Exercise details: Would you repeat word for word the lines of the listing that follows, from the one with "This is vintage" up to and including the one with "This vehicle has", and leave out the images?

Task input:
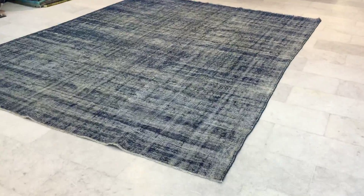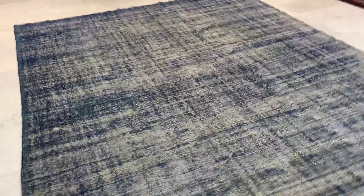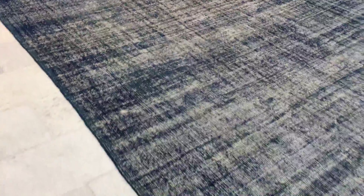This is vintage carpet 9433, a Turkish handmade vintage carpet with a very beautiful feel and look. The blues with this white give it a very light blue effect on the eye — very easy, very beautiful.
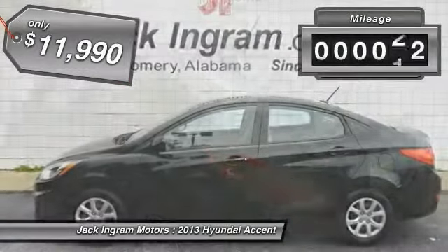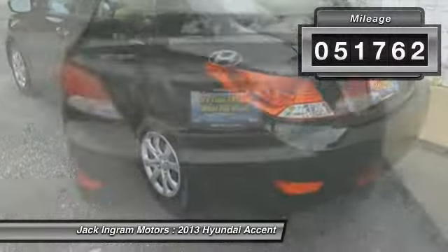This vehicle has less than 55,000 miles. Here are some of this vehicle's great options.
---
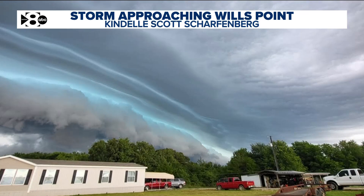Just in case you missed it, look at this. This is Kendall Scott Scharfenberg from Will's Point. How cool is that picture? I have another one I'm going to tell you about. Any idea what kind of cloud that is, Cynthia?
==
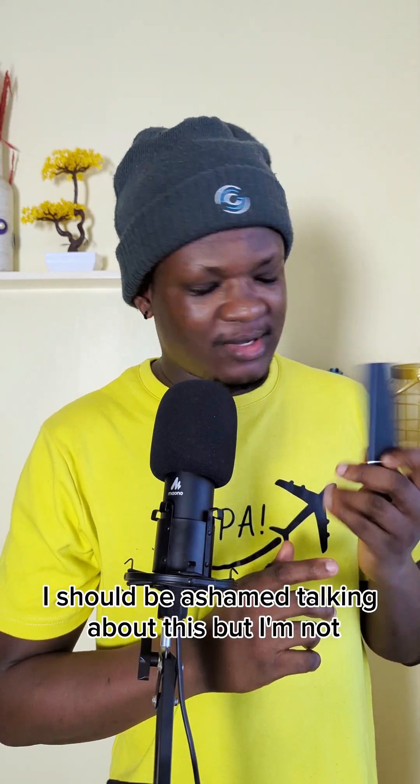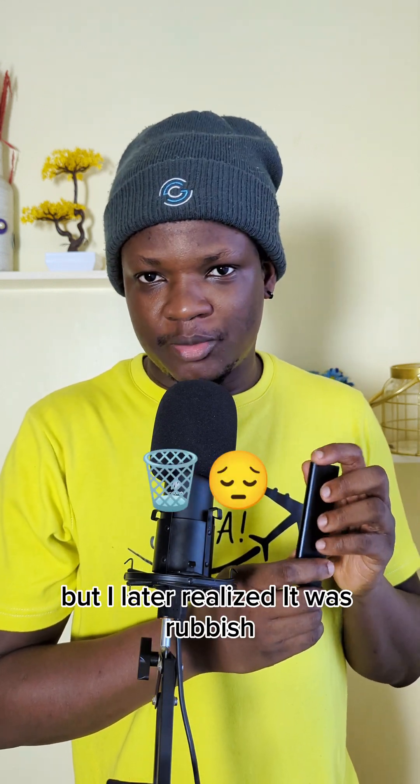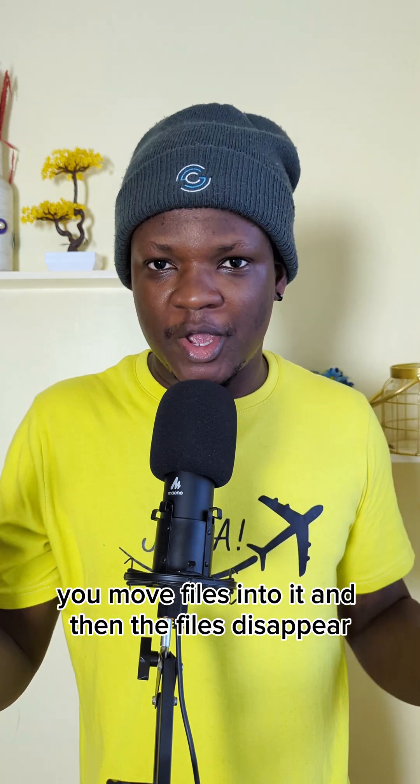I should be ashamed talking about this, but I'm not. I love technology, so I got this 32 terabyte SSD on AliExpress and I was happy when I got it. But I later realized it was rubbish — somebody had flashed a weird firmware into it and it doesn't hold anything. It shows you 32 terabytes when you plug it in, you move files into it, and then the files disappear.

Exercise answer:
This is vintage carpet 9433, a Turkish handmade vintage carpet with a very beautiful feel and look. The blues with this white give it a very light blue effect on the eye — very easy, very beautiful.
This vehicle has less than 55,000 miles. Here are some of this vehicle's great options.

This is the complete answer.